Finally, I hope it is faithful to the story of the God who called us together.

Sermon, St. Barnabas Lutheran, Micah 6:1-8, 7/14/2019.

You reach into your closet located in the living room below your host family’s – the Haddads – parsonage home, and pull out the thickest blanket you find, throw it into the back of the car, and head outside the city. The moment you lay the blanket on the ground, you pray that no spiny plants will jab up through it and elicit a yelp of pain. You and your friends, a young man and woman whom are originally from a town outside Jerusalem called Lifta but grew up in Ramallah, Saudi Arabia, and Jordan due to the violence of military occupation, settle again into one of your favorite escapes, a place called Ein Qinia. Birds sing. A breeze – carrying the pleasant aroma of innumerable flowers – drifts past. The quiet, juxtaposed with the chaotic buzz of the city, is deafening. 

Discussion wanders between Ibrahim’s longing to visit Lifta, his ancestral village that is only eleven miles away outside Jerusalem, impossible due to restrictions on movement imposed by the Israeli government, to the results of your last Jackaroo board game match together. The sun begins to set, brightening with a deep orange the horizon of the sea and the skyscrapers of Tel Aviv and the minarets of Palestinian villages and the guard towers outside Israeli settlements and the outlines of olive tree-covered rolling hills. It is all right here. 

Humans. Ideologies. Love. Hate. Hope. Despair. Grief. Laughter. The Land.

In this sermon, I invite you to engage, with me, the living power of scripture and Christ’s Gospel through the lens of the lived experience of Palestinians in the context of Jerusalem and the West Bank. This is born out of my time spent as a Young Adult in Global Mission (a.k.a. YAGM) this past year in Ramallah, Palestine. In particular, I hope to explore the idea of “ascent,” and how it relates to accompanying those in their pursuit of loving kindness, doing justice, and walking humbly. 

I want to, at the beginning, be clear about what these next few minutes will not be. This is not a presentation on my time living overseas. This is not me coming from on high with the solution to conflict in the Middle East. I am not here to neatly wrap up with a clean theological bow just how we, as privileged American Christians, are exactly to respond to the reality of injustice both domestically and abroad. This is not an exposition of how all Palestinians or, frankly, any Palestinian, actually thinks about their life in the Land. 

I am here as a fellow wayfarer trying to grapple with the story of a God who became a human – a human who lived, healed, wept, suffered, listened, laughed, died, and resurrected – in light of my experience with the “living stones” (as they like to call themselves) who reside in the land we call “holy.” These stones bear names. Imad. Ibrahim. Majd. Rula. Mays. Naseef. David. Barhoum. Aseel. Salameh. Scarlett. Daniel. Mansura. Aicha. Jamal. Maha. Eli. Reem. They span religions and degrees of religiosity. 
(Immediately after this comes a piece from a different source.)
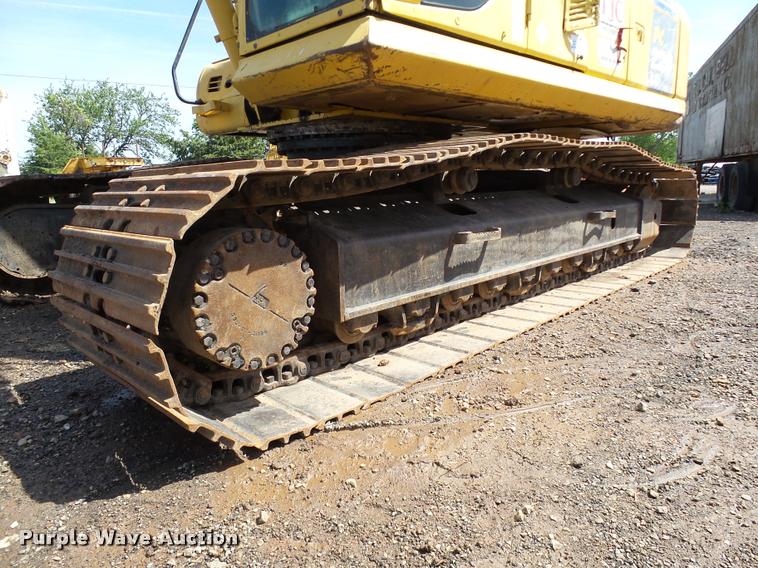 image for item DB0167 2004 Komatsu PC220LC-7 excavator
Yet, they have changed the way I experience God and destroyed the illusion that we can approach scripture from a somehow elevated, analytical position where we can discern exactly what God is speaking in these words that were pieced together in a particular historical context and in a particular community for a particular purpose, all the while overcoming our own biases that may cloud our interpretation. 

Palestinians, and in particular the Lutheran community in which I spent the majority of my time this past year, are honest. Often brutally so. Pastor and Theologian Mitri Raheb from Bethlehem told our YAGM cohort one time that Palestinians are interacting with the Bible with their situation as an oppressed, displaced people in their own homeland, in mind. In fact, many Palestinian Christians read scriptures with the mindset that they are, in fact, the people of Israel in the Bible, a people who lived under the dominance of various empires spanning from the Babylonians to the Romans. 

In the context of the passage from Micah we read today, the ancient Kingdom of Israel (which I would, for many reasons, distinguish from the nation-state of today) was recently conquered by the Assyrian King Sennacherib. Micah, the traditional author of the book, was a contemporary of biblical figures such as the Prophet Isaiah, King Hezekiah, and the Prophet Hosea. In it, he is grappling with the devastation wrought by the Assyrians, God’s action in it all, and the proper response of the people of God. This book is often cited for its prophecy regarding the Messiah’s future origin from the barely-regarded city of Bethlehem.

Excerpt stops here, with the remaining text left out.